> _TASK DIRECTIONS_:
The lines to reproduce run from the one containing "this 800×446 image." through the final line of the entries; write them out exactly and add nothing.

> _SOURCE DATA_:
::::

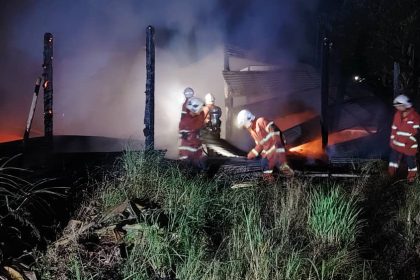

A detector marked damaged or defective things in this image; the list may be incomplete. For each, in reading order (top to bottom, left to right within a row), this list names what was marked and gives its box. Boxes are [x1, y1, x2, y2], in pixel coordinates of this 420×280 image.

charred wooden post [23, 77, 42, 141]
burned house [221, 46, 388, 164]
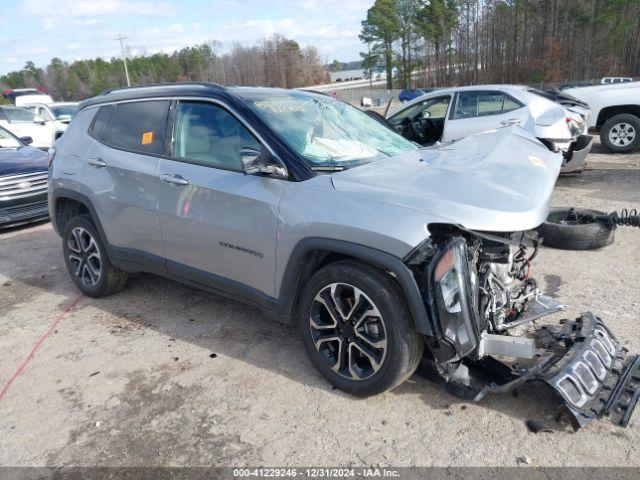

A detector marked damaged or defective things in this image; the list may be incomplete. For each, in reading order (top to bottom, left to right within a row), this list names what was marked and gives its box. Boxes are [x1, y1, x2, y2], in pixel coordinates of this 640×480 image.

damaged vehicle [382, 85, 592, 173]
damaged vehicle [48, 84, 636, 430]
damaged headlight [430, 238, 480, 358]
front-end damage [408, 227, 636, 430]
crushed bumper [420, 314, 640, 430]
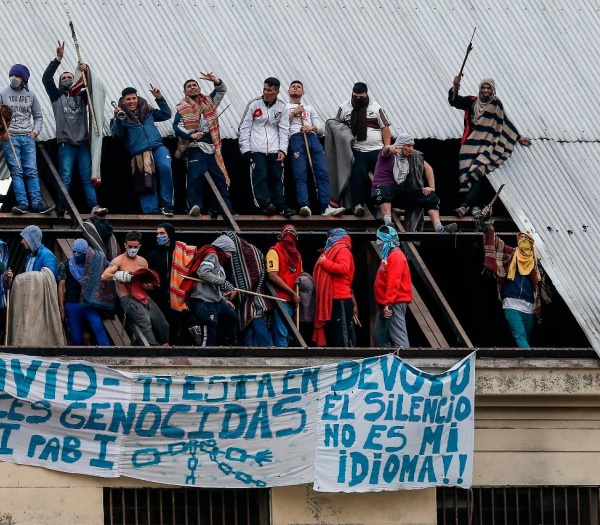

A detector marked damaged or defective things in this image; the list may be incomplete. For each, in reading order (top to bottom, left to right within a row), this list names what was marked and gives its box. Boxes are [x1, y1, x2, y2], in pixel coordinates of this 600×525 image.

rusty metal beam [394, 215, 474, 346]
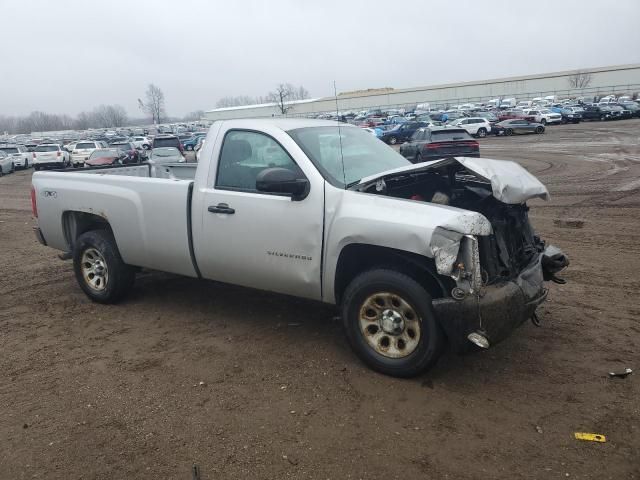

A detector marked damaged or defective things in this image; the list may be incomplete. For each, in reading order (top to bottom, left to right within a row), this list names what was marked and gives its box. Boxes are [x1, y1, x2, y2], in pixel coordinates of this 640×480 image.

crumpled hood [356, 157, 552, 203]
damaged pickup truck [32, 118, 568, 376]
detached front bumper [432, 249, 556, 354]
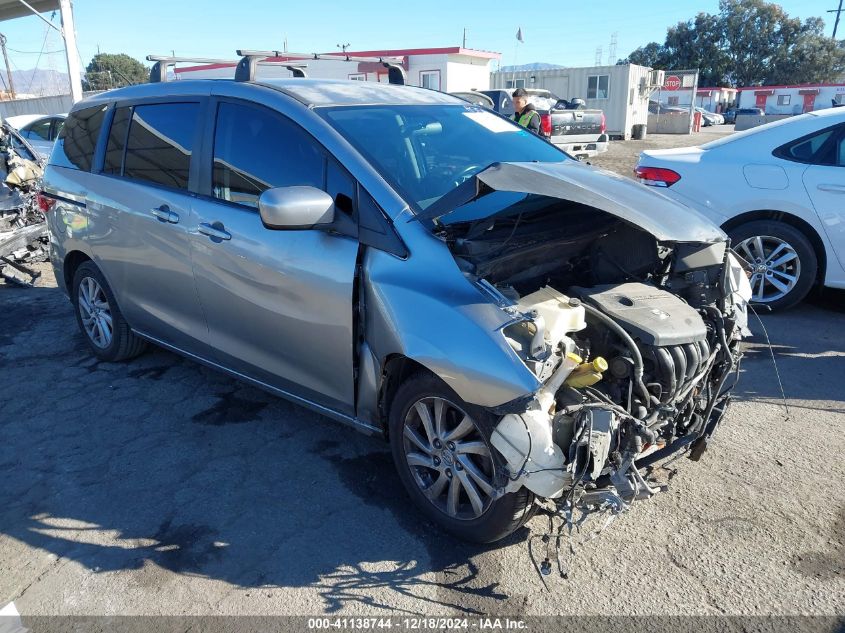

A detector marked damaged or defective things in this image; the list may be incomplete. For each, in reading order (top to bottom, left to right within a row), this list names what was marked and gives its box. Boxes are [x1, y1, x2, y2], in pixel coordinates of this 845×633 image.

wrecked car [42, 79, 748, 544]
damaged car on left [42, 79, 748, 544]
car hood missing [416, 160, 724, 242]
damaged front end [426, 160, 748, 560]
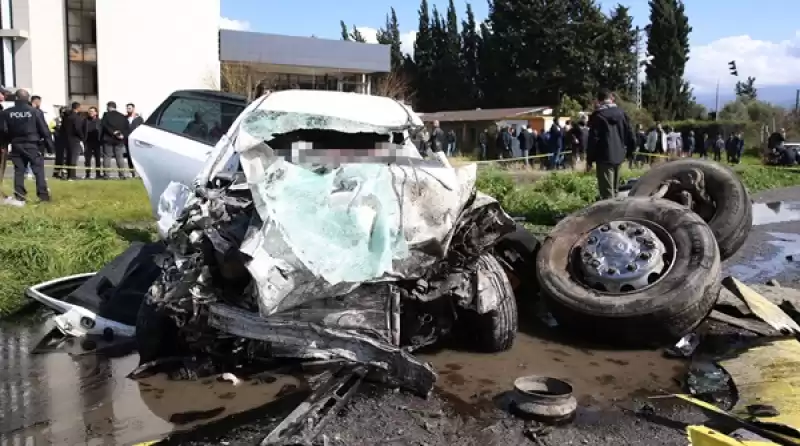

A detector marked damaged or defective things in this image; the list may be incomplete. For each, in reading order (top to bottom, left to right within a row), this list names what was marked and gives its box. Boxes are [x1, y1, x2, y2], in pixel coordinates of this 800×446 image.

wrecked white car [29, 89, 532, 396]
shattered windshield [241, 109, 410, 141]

::::

> _RESULT BELOW_:
A detector marked damaged or defective things in this image; the list may be incomplete. For each, in reading order (top to bottom, left to right within a row), this list names what was marked and gives its box. Boxes are [x1, y1, x2, y2], in pixel coordinates of this 800×446 image.

wrecked white car [29, 89, 532, 396]
shattered windshield [241, 109, 410, 141]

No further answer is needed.